Short web captions
Segment Open

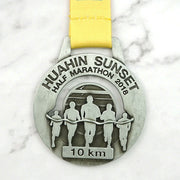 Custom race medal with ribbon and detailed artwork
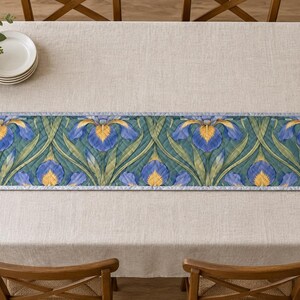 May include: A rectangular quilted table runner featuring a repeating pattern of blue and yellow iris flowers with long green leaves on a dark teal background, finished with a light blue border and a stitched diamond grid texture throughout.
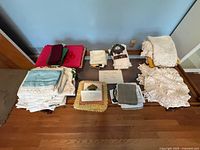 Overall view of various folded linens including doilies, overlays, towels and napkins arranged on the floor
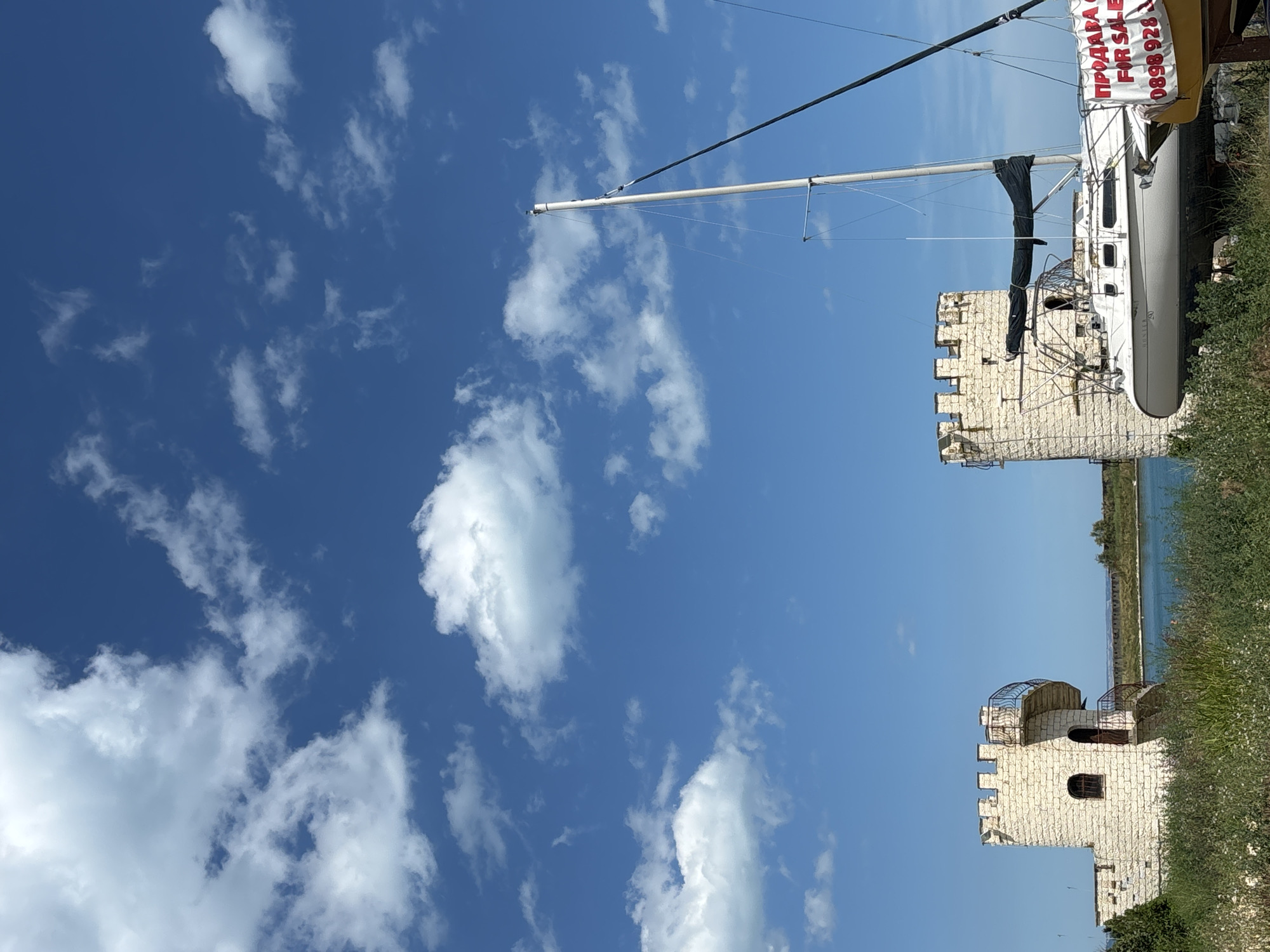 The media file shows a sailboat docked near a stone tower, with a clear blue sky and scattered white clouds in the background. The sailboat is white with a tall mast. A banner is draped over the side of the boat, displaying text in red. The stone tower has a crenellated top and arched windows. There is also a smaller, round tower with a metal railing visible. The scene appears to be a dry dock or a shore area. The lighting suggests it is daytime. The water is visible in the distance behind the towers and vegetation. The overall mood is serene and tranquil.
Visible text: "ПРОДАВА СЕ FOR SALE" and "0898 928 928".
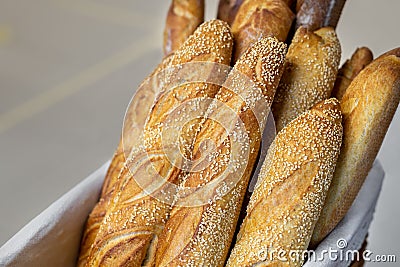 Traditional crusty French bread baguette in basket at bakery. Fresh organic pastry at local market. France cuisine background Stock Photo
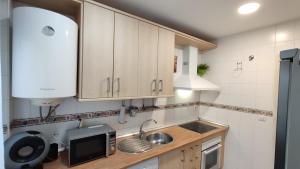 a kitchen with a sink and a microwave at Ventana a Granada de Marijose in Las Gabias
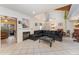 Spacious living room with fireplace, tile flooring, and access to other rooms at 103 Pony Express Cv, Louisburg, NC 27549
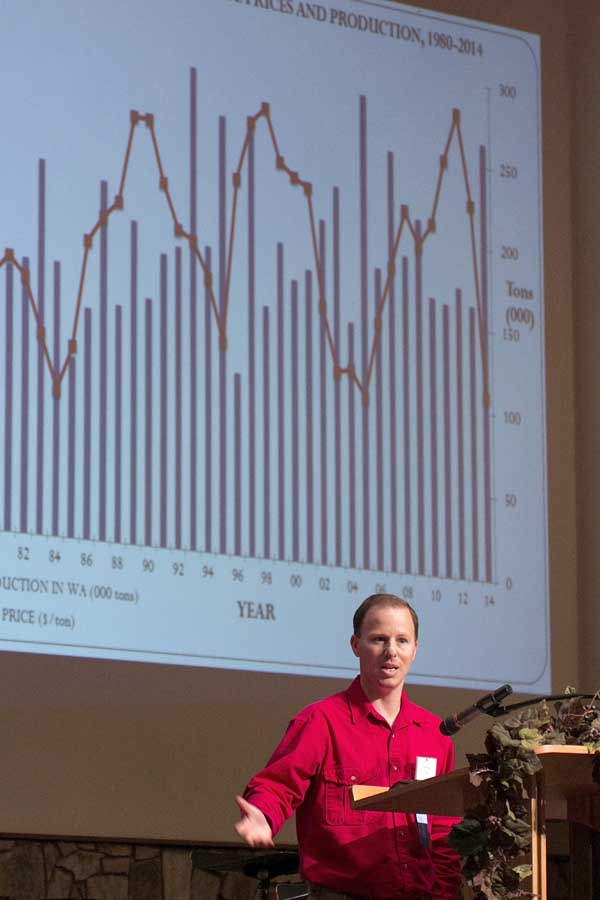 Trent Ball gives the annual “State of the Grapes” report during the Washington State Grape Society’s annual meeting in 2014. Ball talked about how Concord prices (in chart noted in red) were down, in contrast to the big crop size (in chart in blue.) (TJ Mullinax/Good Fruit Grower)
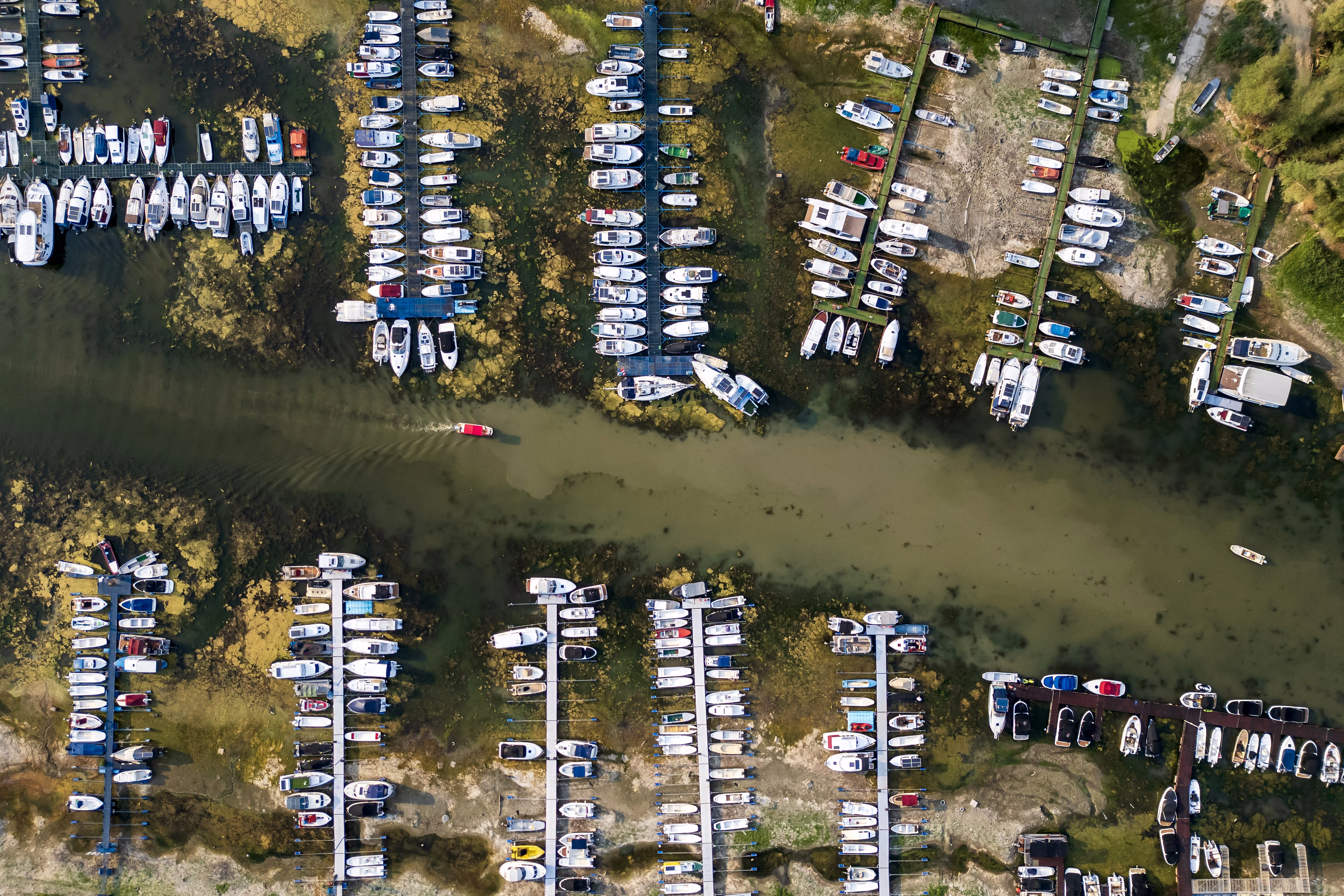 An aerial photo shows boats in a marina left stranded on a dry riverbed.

Segment Closed

What you have to do –
Please restate each entry exactly, but drop any picture it holds.

Result of the task –
 Custom race medal with ribbon and detailed artwork
 May include: A rectangular quilted table runner featuring a repeating pattern of blue and yellow iris flowers with long green leaves on a dark teal background, finished with a light blue border and a stitched diamond grid texture throughout.
 Overall view of various folded linens including doilies, overlays, towels and napkins arranged on the floor
 The media file shows a sailboat docked near a stone tower, with a clear blue sky and scattered white clouds in the background. The sailboat is white with a tall mast. A banner is draped over the side of the boat, displaying text in red. The stone tower has a crenellated top and arched windows. There is also a smaller, round tower with a metal railing visible. The scene appears to be a dry dock or a shore area. The lighting suggests it is daytime. The water is visible in the distance behind the towers and vegetation. The overall mood is serene and tranquil.
Visible text: "ПРОДАВА СЕ FOR SALE" and "0898 928 928".
 Traditional crusty French bread baguette in basket at bakery. Fresh organic pastry at local market. France cuisine background Stock Photo
 a kitchen with a sink and a microwave at Ventana a Granada de Marijose in Las Gabias
 Spacious living room with fireplace, tile flooring, and access to other rooms at 103 Pony Express Cv, Louisburg, NC 27549
 Trent Ball gives the annual “State of the Grapes” report during the Washington State Grape Society’s annual meeting in 2014. Ball talked about how Concord prices (in chart noted in red) were down, in contrast to the big crop size (in chart in blue.) (TJ Mullinax/Good Fruit Grower)
 An aerial photo shows boats in a marina left stranded on a dry riverbed.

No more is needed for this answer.